At the start of the 19th century, official colonisation of the East Indies started and the territorial claims of the VOC expanded into a fully fledged colony named the Dutch East Indies. The existing pre-colonial Indo-European communities were considerably complemented with Indos descending from European males settling in the Dutch East Indies. These European settlers, who were government officials, business men, planters and particularly military men without wives, engaged in relations with native women. Their offspring was considered Indo-European and if acknowledged by the father belonged to the European legal class in the colony.
In 1860, there were fewer than 1,000 European females against over 22,000 European males. It was only by the end of the 19th century that a sizeable number of Dutch women started to arrive in the colony. This increasingly hastened the growing pressure to assimilate Indo culture into dominant Dutch culture.

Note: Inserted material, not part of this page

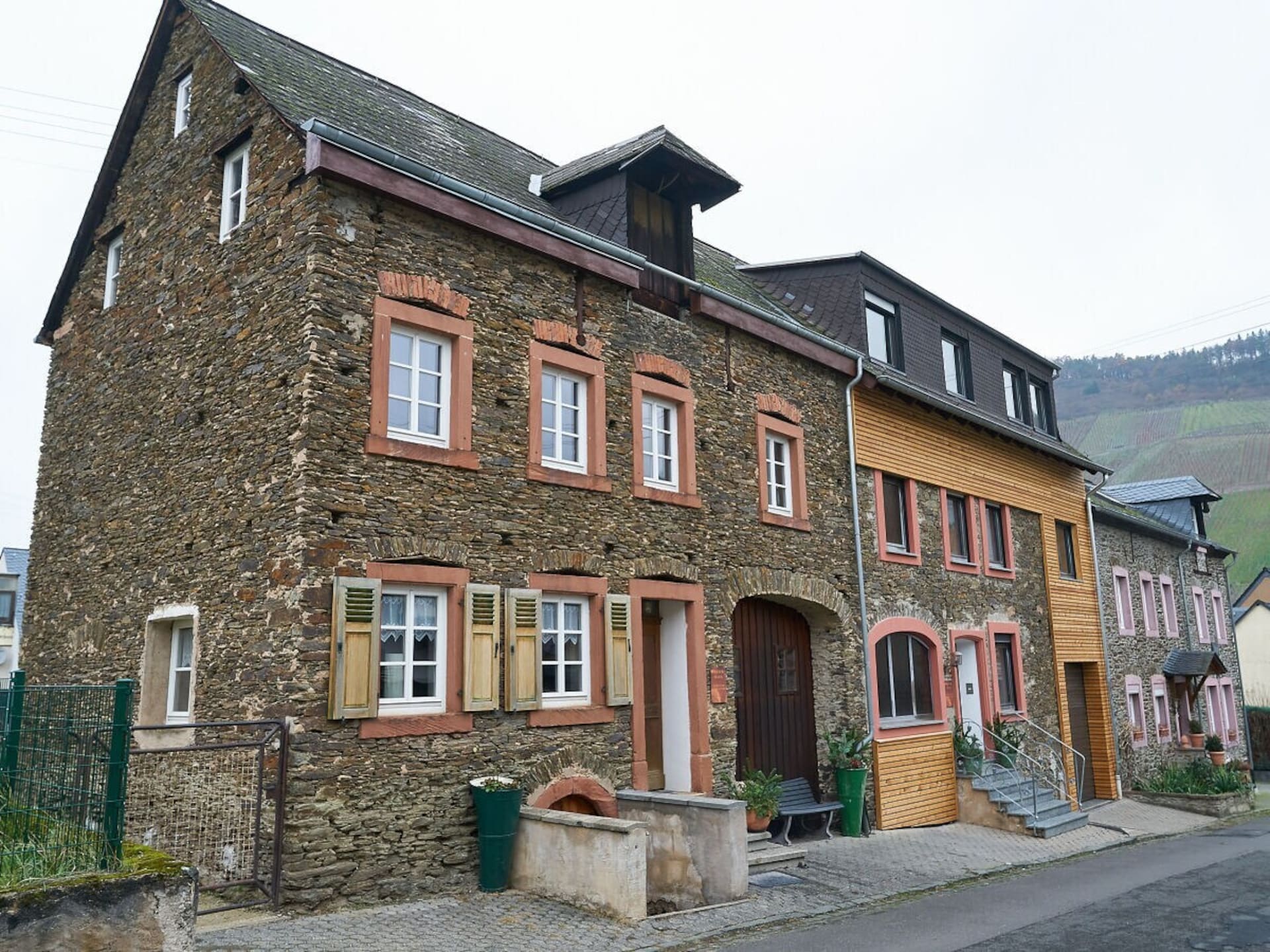322181 - foto 2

At the end of the colonial era, a community of about 300,000 Indo-Europeans was registered as Dutch citizens and Indos continued to form the majority of the European legal class. When, in the second half of the 20th century, the independent Republic of Indonesia was established, practically all Europeans, including the Indo-Europeans who by now had adopted a one sided identification with their paternal lineage, emigrated from the country.
There are distinctive historical patterns of evolving social and cultural perspectives on Indo-European society and its culture. Throughout the colonial history of the Dutch East Indies key cultural elements such as language, clothing and lifestyle have a different emphasis in each phase of its evolution. Over time, the Indo mix culture was forced to adopt more and more Dutch trades and customs. To describe the colonial era, it is diligent to differentiate between each distinctive time period in the 19th and 20th century.
Formal colonisation commenced at the dawn of the 19th century when the Netherlands took possession of all VOC assets. Before that time the VOC was in principle just another trading power among many, establishing trading posts and settlements in strategic places around the archipelago. The Dutch gradually extended their small nation’s sovereignty over most of the islands in the East Indies. The existing VOC trading posts and the VOC's European and Eurasian settlements were developed into Dutch ruled enclaves, with the VOC's own administration governing both their indigenous and expatriate populations.